Look in the listing below for the line that has "4th image of", then return it and each following line up to and including the one with "- 87846836 Residential", exactly and without pictures.

==== DATA SHOWN

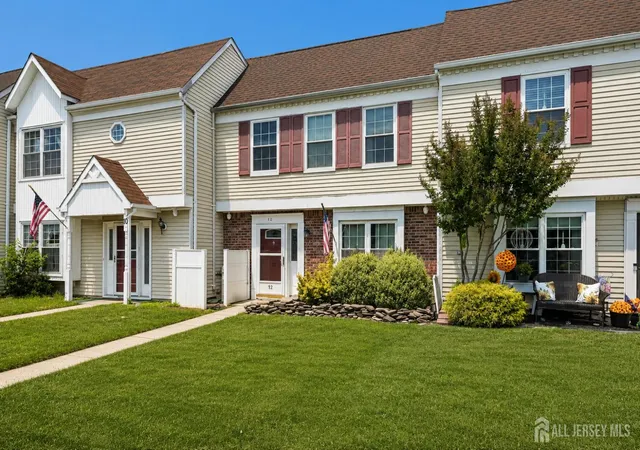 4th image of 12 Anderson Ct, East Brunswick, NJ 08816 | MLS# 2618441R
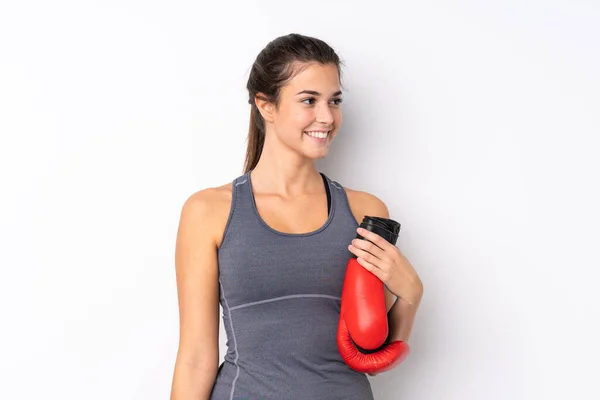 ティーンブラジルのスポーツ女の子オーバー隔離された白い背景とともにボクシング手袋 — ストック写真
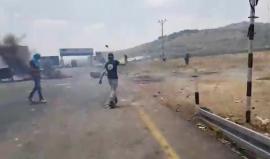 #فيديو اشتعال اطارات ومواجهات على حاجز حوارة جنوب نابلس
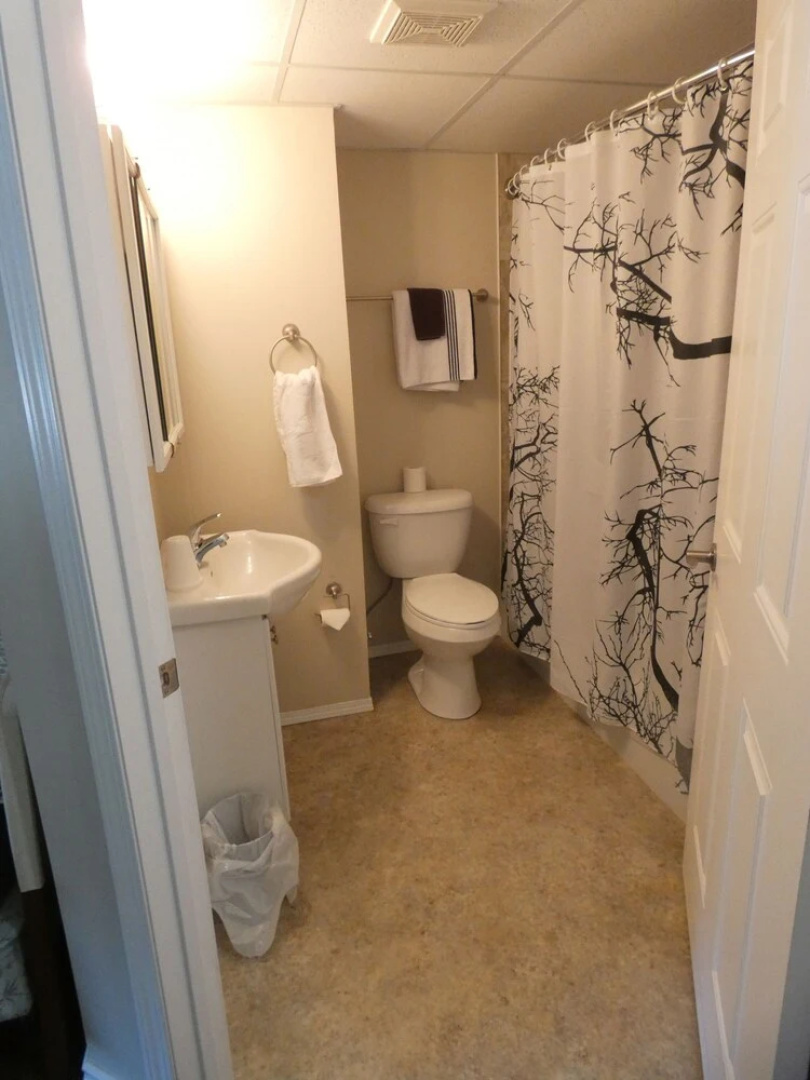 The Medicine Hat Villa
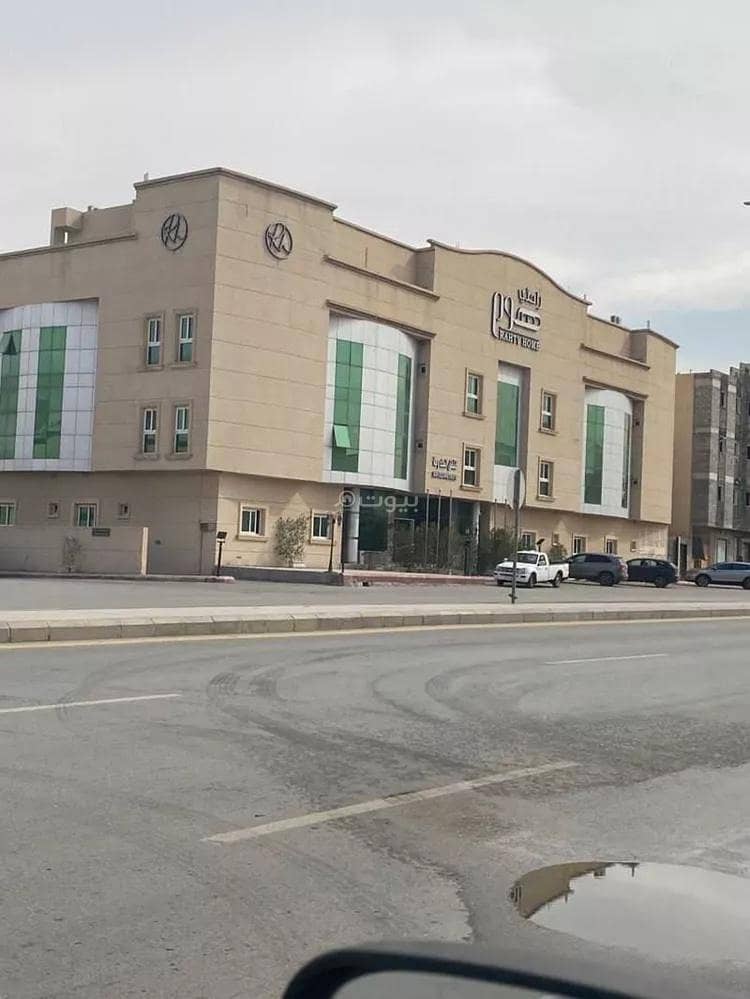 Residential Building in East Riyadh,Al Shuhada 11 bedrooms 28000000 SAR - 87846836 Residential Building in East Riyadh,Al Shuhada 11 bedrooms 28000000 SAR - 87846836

========
==== DATA SHOWN

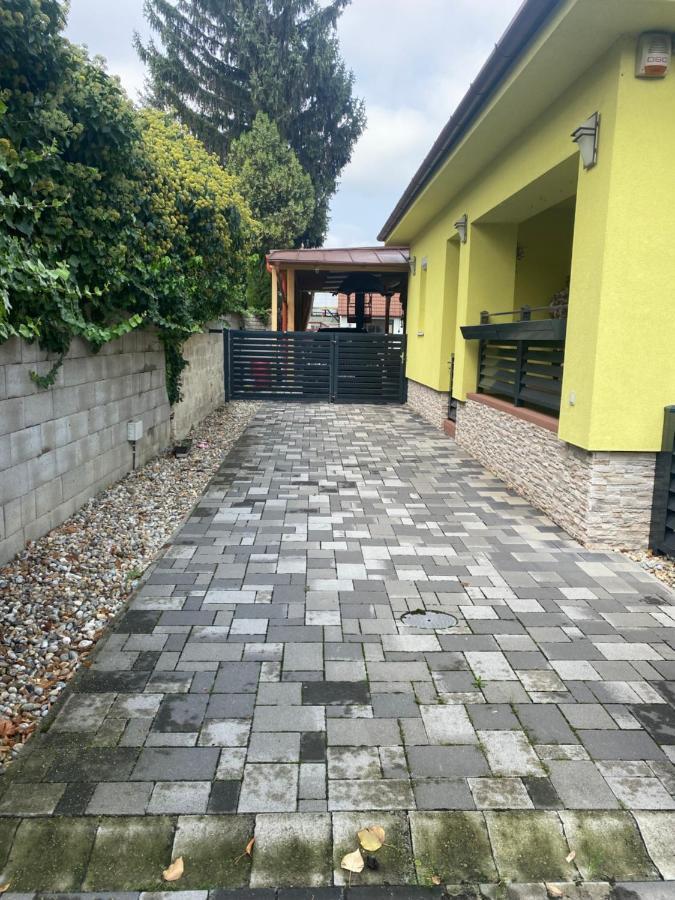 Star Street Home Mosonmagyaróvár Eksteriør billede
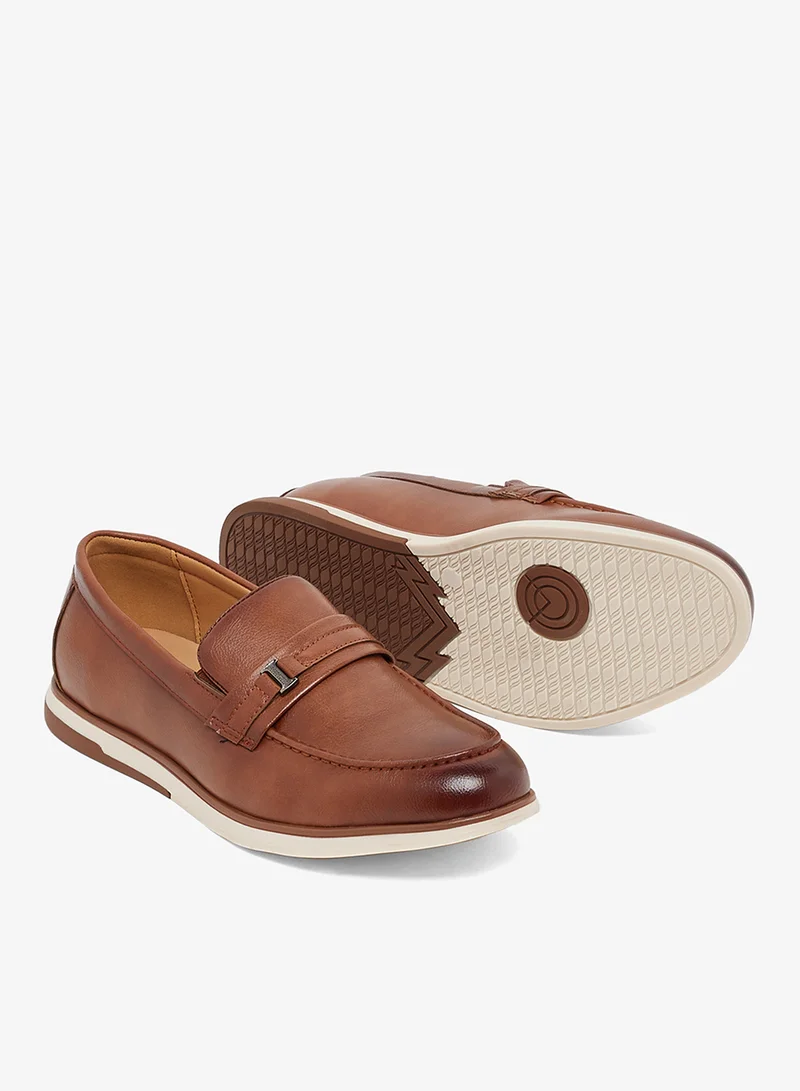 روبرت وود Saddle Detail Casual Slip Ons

========

WRITTEN RESPONSE:
 4th image of 12 Anderson Ct, East Brunswick, NJ 08816 | MLS# 2618441R
 ティーンブラジルのスポーツ女の子オーバー隔離された白い背景とともにボクシング手袋 — ストック写真
 #فيديو اشتعال اطارات ومواجهات على حاجز حوارة جنوب نابلس
 The Medicine Hat Villa
 Residential Building in East Riyadh,Al Shuhada 11 bedrooms 28000000 SAR - 87846836 Residential Building in East Riyadh,Al Shuhada 11 bedrooms 28000000 SAR - 87846836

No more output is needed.